Zudem sind die energieintensiven Unternehmen weitgehend von Steuern, Abgaben und Umlagen befreit; diese waren in den vergangenen Jahren teils deutlich gestiegen. Das bekamen vor allem jene restlichen Teile der Industrie zu spüren, die allerdings auch einen relativ kleinen Teil ihrer Gesamkosten für Energie aufwenden müssen.
Aus den Berechnungen lassen sich auch aktuelle Daten zur Verwendung von Energieträgern nach Industriegruppen ableiten. Die hoch-energieintensiven Industrien tragen aktuell zum Beispiel:
- nahezu 100 Prozent der gesamten industriellen Kosten für den Bezug von Kohle
- etwa 54 Prozent der industriellen Gesamtkosten für Gas und Mineralölprodukte
- etwa 27 Prozent der industriellen Stromkosten sowie
- knapp zwei Drittel der gesamten Kosten für andere Energieträger (Fernwärme, Biomasse, Ersatzbrennstoffe).
Gemessen in Prozentanteilen entsprechen die gesamten Energiekosten für die deutsche Industrie im Mittel der ersten drei Monate dieses Jahres 1,8 Prozent bezogen auf den Bruttoproduktionswert der Industrie, das heißt den Wert der hergestellten Waren.
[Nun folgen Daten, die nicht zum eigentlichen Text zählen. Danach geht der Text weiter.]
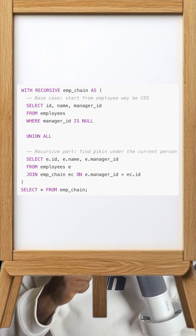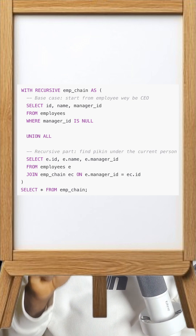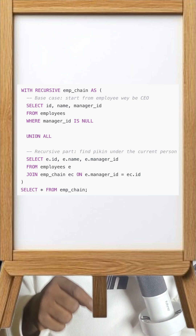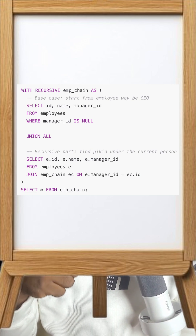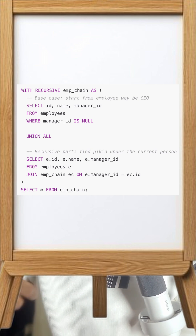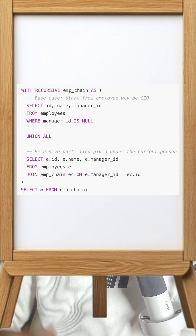You get the base case and you get the recursive part. Look at the screen for this code — you see it? The query calls itself inside the CTE. Like when you're inside a cave and you talk, the way it goes echo, echo, echo like that.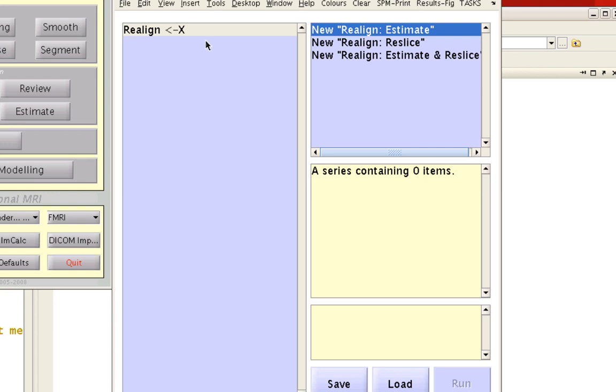Here we have a couple of different options available. One is estimating the motion parameters needed to motion-correct all these different images in case they have moved or gotten out of alignment during the scan.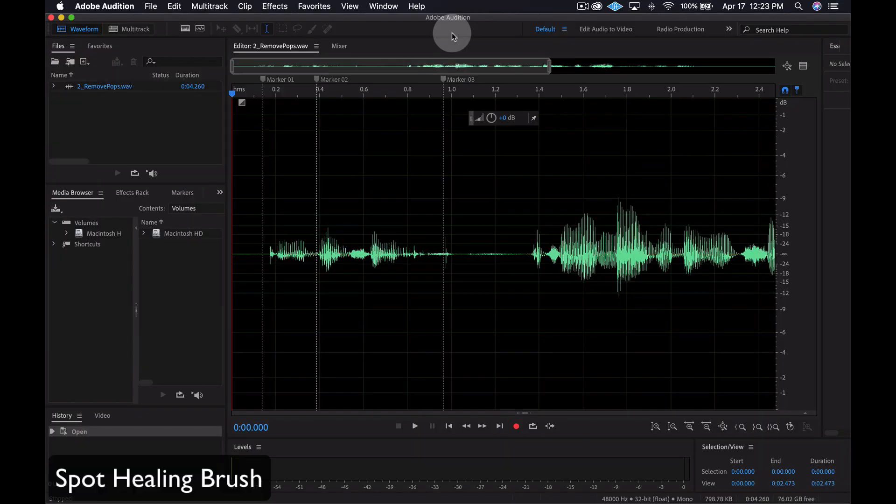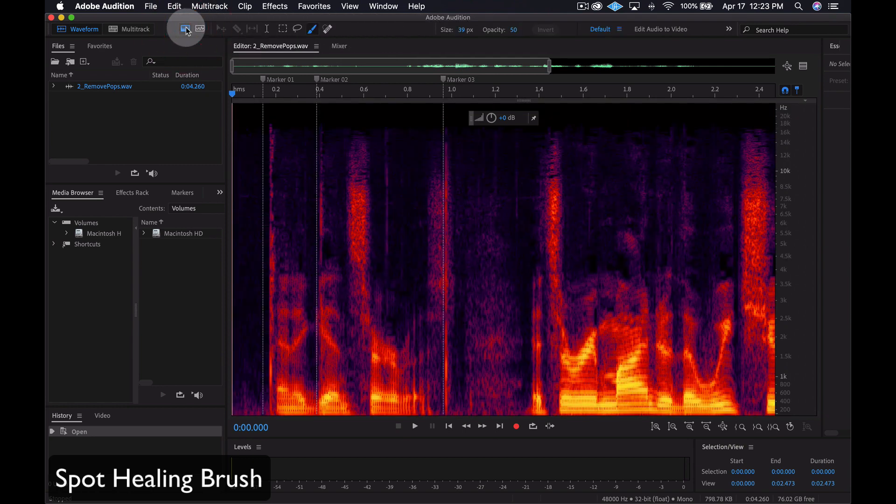The Spot Healing Brush is another great tool for removing pops and clicks in a recording. Click the Spectral Frequency Display icon on the top left to see the frequencies and amplitude in this file.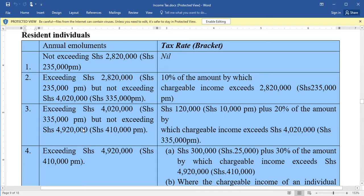The third category: in case a resident employee is earning an amount exceeding four million twenty thousand per year but not exceeding four million nine hundred twenty thousand per year, they are supposed to pay a tax of 120,000 plus 20 percent of the amount by which the chargeable income exceeds four million twenty thousand.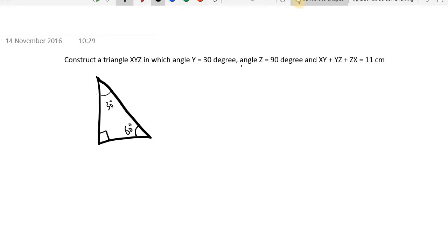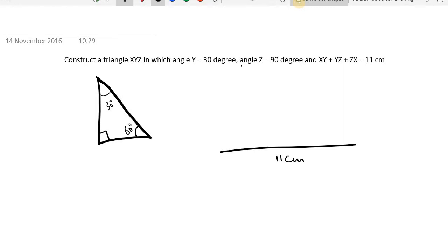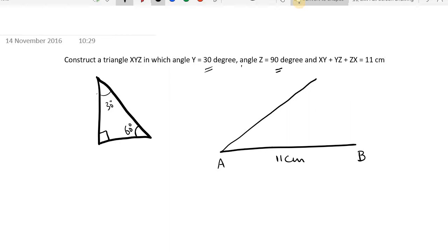The first step is to draw a straight line AB of 11 centimeters, representing the perimeter XY plus YZ plus ZX. Mark the two endpoints as A and B. At point A, construct a 30 degree angle — the steps to construct angles I assume you already know, so I won't go into detail.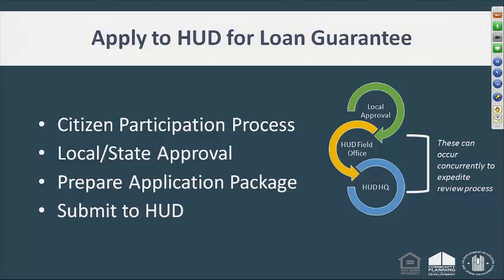The application process: first, there should be a citizen participation process on the local level, and you should get approval from a resolution or city council meeting to approve the 108 application. To prepare your application package, submit to HUD — you may submit concurrently to the field office and to headquarters at the same time to expedite the review process.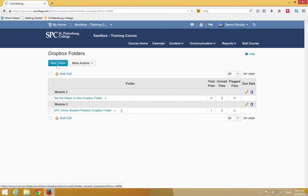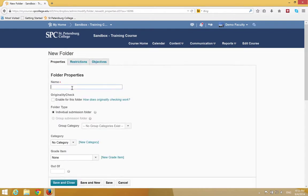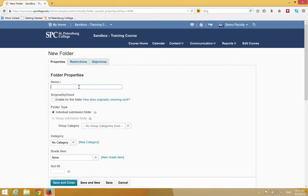Click New Folder. Give the folder a name. In this case, I'll call it Term Paper Dropbox.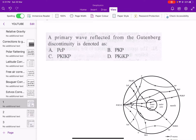Hello everyone, welcome to my new video. In this video I am going to solve a few MCQs based on general geology and geophysics. Our first problem is: a primary wave reflected from the Gutenberg discontinuity is denoted by?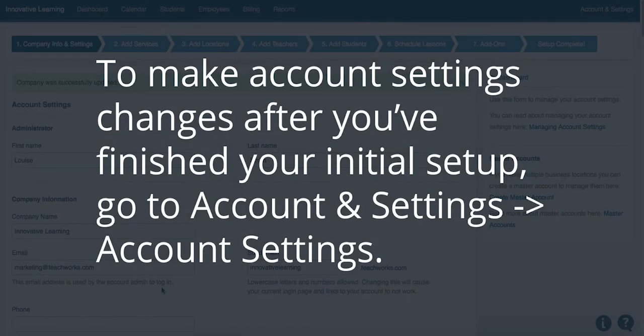You can make account setting changes after you finish your initial setup by going to Account Settings and then clicking on Account Settings.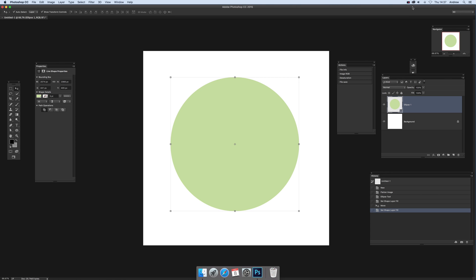This video tutorial by Andrew Buckle. In this video I'm going to show you how you can save stroke settings for a shape.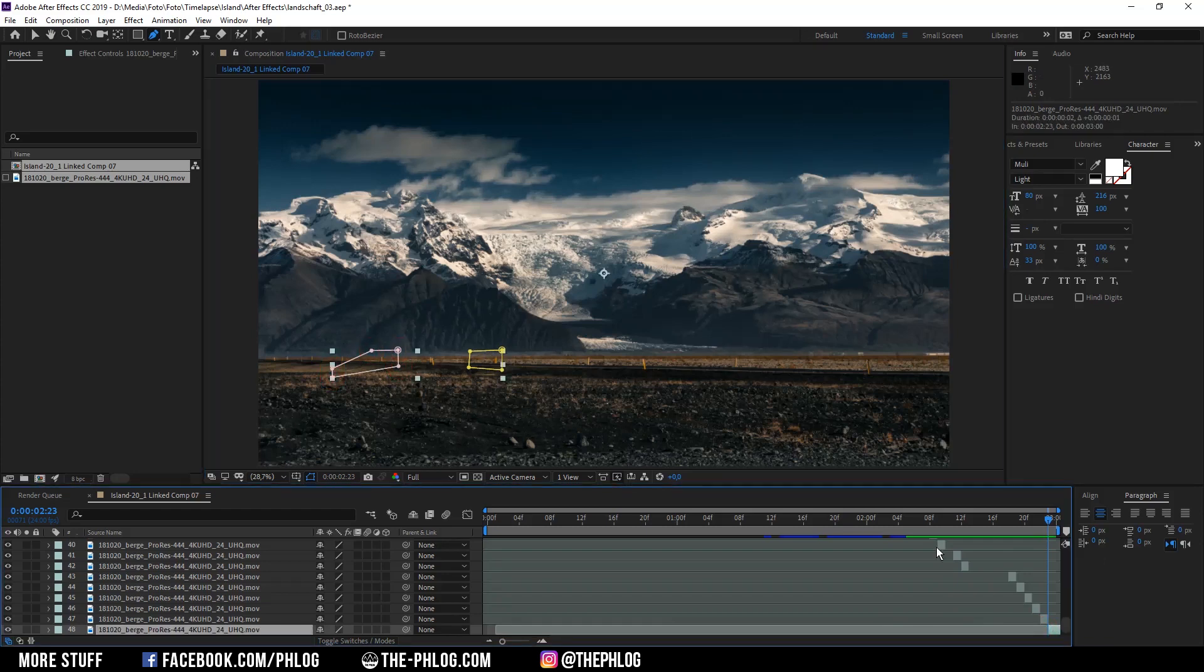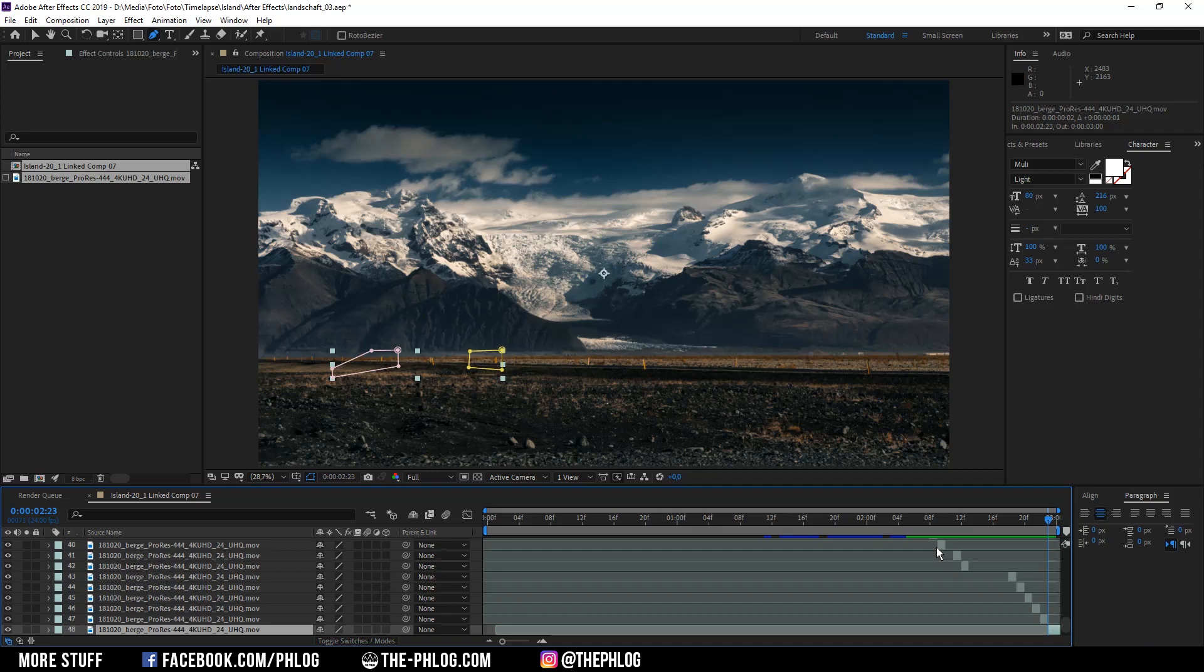So with this method it took me about 30 minutes to remove all the cars and people from this video clip which is about five seconds long. It's not a fast method but it's really helpful especially for timelapse footage shot on a tripod.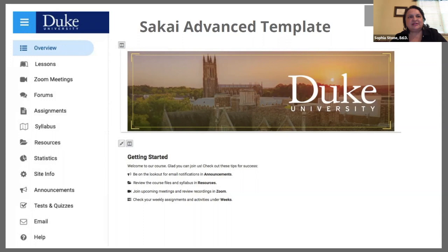There's the getting started area that has placeholders for information, and of course all of the tools on the left-hand side. You can go into the toolbar in Sakai — Anderson will show you how to do this — and add additional tools. But these are some of the most commonly used tools.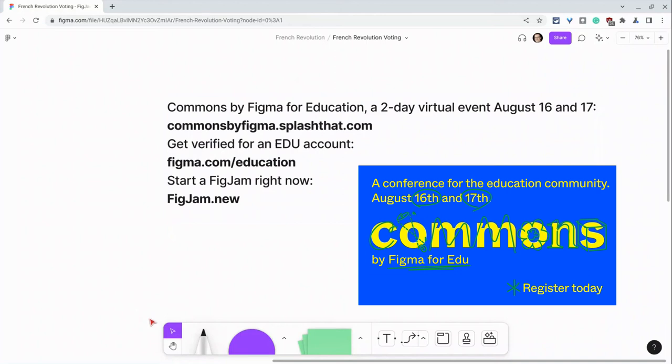I'll put all these links in the description below. To get a free verified Figma EDU account, go to figma.com slash education. And if you want to start a FigJam right now and try out some of these voting features, go to figjam.new.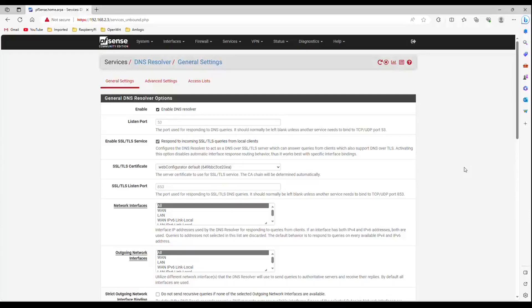Hello friends, in this video we will learn how to configure unbound DNS Resolver on PFSense router.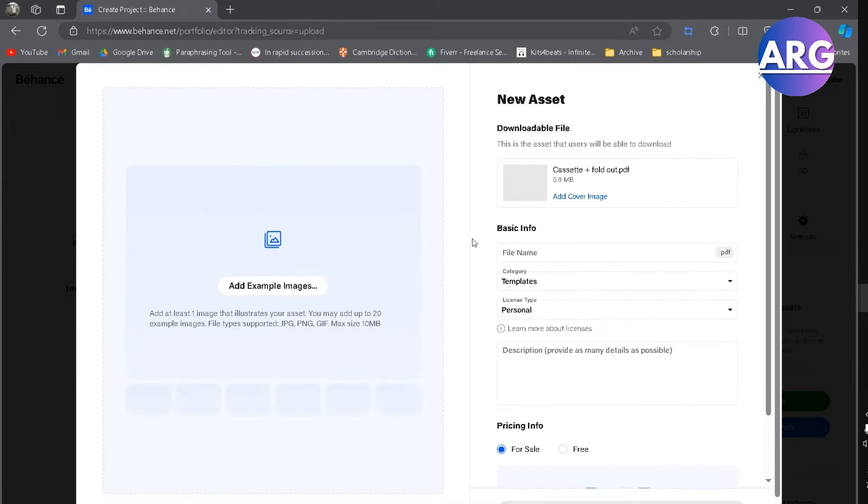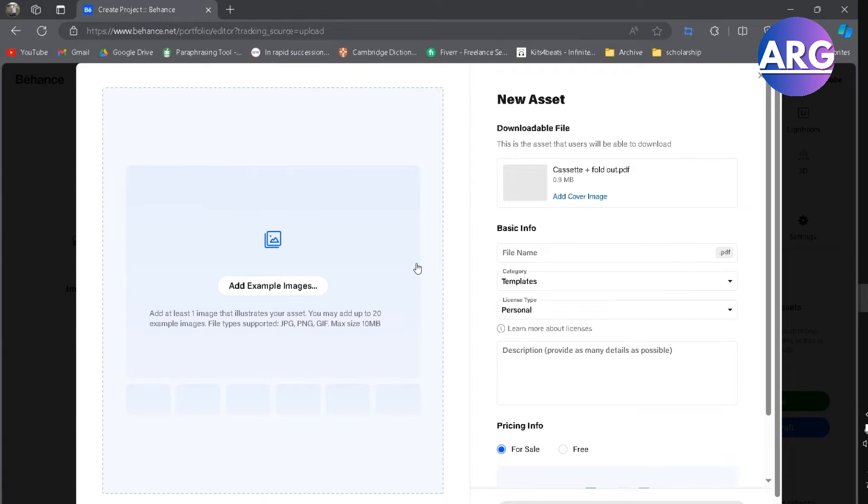Finally, you have uploaded your PDF file. However, you should add a sample or a cover that represents your PDF file.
Zieht man davon die von der Industrie erbrachten Vorleistungen ab, ergibt sich eine relative Belastung von 7,2 Prozent gemessen an der entsprechenden Bruttowertschöpfung. In den hoch-energieintensiven Branchen liegen die Quoten naturgemäß höher: der produktionsbezogene Energiekostenanteil liegt hier aktuell bei 4,1 Prozent, die wertschöpfungsbezogene Größe bei 18,7 Prozent. Für die mittel-energieintensiven Industrien liegen die entsprechenden Kenngrößen bei 2,3 und 9,1 Prozent, für die wenig energieintensiven bei 0,9 und 3,3 Prozent.
[note Die Deutsche Welle blickt voraus: „Vertreter von Umweltverbänden wittern hinter Aussagen wie dieser die Möglichkeit, die energieintensive Branche stärker an den Mehrkosten der Erneuerbaren Energien zu beteiligen. Seit Jahren liefern sich Lobbyvertreter verschiedener Lager hierzu eine erbitterte Verbalschlacht. Dabei wollen manche die Rabatte ganz streichen, die anderen dagegen sogar ausdehnen. Sonja Peterson, Klimaexpertin vom Institut für Weltwirtschaft in Kiel, hält die Belastung energieintensiver Unternehmen durch Klimaschutz ‚für mehr als machbar‘. Negative Auswirkungen auf die Wettbewerbsfähigkeit deutscher Unternehmen macht sie derzeit nicht aus – bei keiner der verschiedenen Untergruppen.
Dennoch sei die Frage, wie sich der Preis für Strom weiter entwickle, entscheidend, sagt die Klimaökonomin. Der Grund: Bei der Weltklimakonferenz in Paris wurde eine weitgehende Dekarbonisierung der Wirtschaft beschlossen – weshalb mittelfristig Öl, Gas und Kohle durch Strom aus Wind- und Solaranlagen ersetzt werden soll. Die Frage, ob Ökostrom tatsächlich Arbeitsplätze gefährdet, dürfte damit eine Konstante in Deutschlands Wirtschaftsberichterstattung bleiben.“]
- Der Energiekosten-Index für die Industrie wird von nun an auf regelmäßiger Basis aktualisiert und von der European Climate Foundation in Kooperation mit dem Öko-Institut und dem Deutschen Institut für Wirtschaftsforschung (DIW Berlin) veröffentlicht.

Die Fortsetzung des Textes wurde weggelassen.